INS jokes
Boss: You're fired.
Me: *turns in my gun and my badge*
Boss: You're a waiter. Where did you get those?
My girlfriend wanted a marriage just like a fairy tale. Fair enough. I gave her a loaf of bread and left her in the forest with a rabid wolf.
So, a man goes to church and is dipped in water three times by a Priest as he says, "From now on your name is Michael, and you will shed your sins of gambling and alcohol."
Soon after, the man heads home and rushes to the fridge to grab a can of beer. He turns on the sink and dips the beer can in the water three times while saying, "From now on you will be known as Not Alcohol."
What's gayer than a gangbang in a man sex ring?

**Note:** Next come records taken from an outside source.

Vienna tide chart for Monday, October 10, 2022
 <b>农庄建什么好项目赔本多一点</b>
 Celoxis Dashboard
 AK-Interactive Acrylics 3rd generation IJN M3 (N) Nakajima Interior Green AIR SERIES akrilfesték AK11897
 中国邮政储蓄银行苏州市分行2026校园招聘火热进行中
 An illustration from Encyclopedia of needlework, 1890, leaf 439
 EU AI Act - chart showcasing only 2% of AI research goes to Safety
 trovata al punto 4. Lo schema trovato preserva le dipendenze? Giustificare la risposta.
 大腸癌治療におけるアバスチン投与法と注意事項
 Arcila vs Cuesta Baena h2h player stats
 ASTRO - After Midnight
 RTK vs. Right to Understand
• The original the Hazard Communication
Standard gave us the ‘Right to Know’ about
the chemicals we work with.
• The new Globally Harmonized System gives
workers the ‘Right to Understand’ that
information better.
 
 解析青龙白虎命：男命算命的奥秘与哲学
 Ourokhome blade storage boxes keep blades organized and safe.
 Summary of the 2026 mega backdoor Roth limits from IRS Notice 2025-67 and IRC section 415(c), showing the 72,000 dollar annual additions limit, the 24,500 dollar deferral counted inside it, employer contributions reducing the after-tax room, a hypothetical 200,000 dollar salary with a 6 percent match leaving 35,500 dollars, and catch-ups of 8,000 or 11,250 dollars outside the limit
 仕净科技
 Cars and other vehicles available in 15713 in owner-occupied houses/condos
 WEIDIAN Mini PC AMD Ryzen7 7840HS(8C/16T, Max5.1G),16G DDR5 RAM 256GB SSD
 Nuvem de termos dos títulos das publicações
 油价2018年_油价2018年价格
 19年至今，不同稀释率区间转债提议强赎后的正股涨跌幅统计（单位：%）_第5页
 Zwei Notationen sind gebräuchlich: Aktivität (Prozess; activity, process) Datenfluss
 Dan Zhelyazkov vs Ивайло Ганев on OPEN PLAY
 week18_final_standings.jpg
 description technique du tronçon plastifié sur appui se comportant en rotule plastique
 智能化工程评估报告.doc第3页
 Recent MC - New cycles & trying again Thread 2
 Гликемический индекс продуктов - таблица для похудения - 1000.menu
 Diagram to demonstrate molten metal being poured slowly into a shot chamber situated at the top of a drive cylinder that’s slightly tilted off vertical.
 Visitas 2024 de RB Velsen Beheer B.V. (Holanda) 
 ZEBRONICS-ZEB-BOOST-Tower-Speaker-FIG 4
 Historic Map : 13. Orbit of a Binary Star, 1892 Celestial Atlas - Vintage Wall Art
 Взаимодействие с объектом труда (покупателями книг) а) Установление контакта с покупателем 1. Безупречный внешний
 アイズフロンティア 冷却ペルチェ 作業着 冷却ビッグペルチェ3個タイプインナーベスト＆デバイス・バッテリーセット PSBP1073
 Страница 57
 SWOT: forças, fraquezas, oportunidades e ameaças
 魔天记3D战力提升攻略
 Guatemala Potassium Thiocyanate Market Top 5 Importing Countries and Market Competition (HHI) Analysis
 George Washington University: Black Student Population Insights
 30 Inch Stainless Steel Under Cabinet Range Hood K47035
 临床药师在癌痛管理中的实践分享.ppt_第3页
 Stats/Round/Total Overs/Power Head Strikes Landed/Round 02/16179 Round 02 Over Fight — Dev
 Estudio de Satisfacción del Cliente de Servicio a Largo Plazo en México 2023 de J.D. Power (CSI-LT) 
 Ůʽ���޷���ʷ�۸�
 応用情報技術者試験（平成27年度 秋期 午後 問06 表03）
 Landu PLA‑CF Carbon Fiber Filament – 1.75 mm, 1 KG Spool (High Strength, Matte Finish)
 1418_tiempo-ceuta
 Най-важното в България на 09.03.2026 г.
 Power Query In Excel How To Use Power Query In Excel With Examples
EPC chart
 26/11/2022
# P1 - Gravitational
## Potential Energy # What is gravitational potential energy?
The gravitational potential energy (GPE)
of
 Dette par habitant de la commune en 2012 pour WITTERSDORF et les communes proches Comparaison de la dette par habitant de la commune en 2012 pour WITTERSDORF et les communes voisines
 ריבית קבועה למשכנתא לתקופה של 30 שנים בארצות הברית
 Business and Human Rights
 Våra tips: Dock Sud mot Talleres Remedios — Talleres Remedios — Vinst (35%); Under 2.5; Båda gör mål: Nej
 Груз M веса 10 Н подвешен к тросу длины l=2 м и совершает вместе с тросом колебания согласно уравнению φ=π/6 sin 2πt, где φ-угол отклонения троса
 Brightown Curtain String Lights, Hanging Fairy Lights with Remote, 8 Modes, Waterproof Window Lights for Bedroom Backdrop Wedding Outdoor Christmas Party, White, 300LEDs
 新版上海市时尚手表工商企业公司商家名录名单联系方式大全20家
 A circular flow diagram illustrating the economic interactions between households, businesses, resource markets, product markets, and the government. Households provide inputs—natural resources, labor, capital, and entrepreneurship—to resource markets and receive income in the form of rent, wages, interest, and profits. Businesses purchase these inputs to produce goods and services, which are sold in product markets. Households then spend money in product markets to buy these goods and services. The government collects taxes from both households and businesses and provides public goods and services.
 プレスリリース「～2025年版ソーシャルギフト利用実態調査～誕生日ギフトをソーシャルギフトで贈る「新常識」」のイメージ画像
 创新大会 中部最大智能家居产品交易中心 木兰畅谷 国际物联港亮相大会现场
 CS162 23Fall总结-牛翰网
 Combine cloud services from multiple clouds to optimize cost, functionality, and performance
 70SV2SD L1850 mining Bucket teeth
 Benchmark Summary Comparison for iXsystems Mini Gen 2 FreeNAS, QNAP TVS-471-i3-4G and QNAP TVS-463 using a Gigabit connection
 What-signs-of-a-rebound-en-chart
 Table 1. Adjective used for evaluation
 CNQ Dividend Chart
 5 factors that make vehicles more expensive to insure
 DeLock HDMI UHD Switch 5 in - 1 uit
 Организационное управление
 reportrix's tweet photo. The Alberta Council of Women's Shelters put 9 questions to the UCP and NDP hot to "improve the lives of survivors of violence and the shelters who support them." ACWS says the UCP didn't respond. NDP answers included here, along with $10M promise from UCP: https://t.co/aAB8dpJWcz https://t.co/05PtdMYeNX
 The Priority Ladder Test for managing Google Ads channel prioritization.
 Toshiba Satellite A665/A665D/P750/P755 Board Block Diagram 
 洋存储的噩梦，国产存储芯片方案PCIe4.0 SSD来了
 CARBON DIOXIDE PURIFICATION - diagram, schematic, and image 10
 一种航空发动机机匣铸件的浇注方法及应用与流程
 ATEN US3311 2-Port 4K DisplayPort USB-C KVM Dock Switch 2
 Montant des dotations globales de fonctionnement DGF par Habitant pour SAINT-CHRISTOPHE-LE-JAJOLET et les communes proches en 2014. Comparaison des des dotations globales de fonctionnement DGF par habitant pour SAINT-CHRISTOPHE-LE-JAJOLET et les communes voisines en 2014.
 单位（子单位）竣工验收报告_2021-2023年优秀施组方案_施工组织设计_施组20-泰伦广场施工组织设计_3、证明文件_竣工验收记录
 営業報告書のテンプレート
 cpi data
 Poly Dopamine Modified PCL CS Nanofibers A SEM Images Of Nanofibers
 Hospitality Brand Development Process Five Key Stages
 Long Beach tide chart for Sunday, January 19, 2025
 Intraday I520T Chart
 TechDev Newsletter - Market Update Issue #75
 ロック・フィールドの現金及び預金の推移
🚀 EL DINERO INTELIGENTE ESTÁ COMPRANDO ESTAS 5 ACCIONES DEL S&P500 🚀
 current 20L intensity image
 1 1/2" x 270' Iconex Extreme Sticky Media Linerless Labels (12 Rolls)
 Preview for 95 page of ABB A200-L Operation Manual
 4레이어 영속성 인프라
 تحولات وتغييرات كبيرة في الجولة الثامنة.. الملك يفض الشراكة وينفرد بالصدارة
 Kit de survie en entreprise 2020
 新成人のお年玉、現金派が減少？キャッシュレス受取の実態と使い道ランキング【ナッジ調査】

Not slapping the ass at Hooters.
So I’m riding in the car with my dad and all of a sudden I smell something rank without warning.
My dad starts laughing at me.
Dad: “Son! That must have been an orphan fart! You know why?”
Me: “Why dad?”
Dad: “Because it ain’t got no pop!”
The "S" in Putin stands for smart.
Heaven is like university: no one gets in.
Why can't Mexicans cross the border? They always sneak powder in.
What did the British soldiers say while in the trenches? "Damn, it's windy out here!"
Why should you always knock on the fridge door before opening it? In case there's a salad dressing.
What do a crippled person's legs and the Twin Towers have in common? They both went down and never came back up.
What do blind kids and orphans have in common?
They both can't see their parents.
In Ohio, people walk with their hands.
Your momma is so fat, when she got in the Pacific, she became the Pacific Ocean.
Your mama's so ugly, she got everything for free.
What do you call an animal in space? Just death because you need a spacesuit.
What did one orphan say to the other orphan?
"Robin! Jump in the Batmobile."
What brands do people in wheelchairs wear?
Michelin.
What do tofu and a dildo have in common? They are both meat substitutes.
What goes in hard and dry but comes out soft and wet?
Gum.
Guess what, everybody? I'm dumb in math. I'm dumb and stupid at math.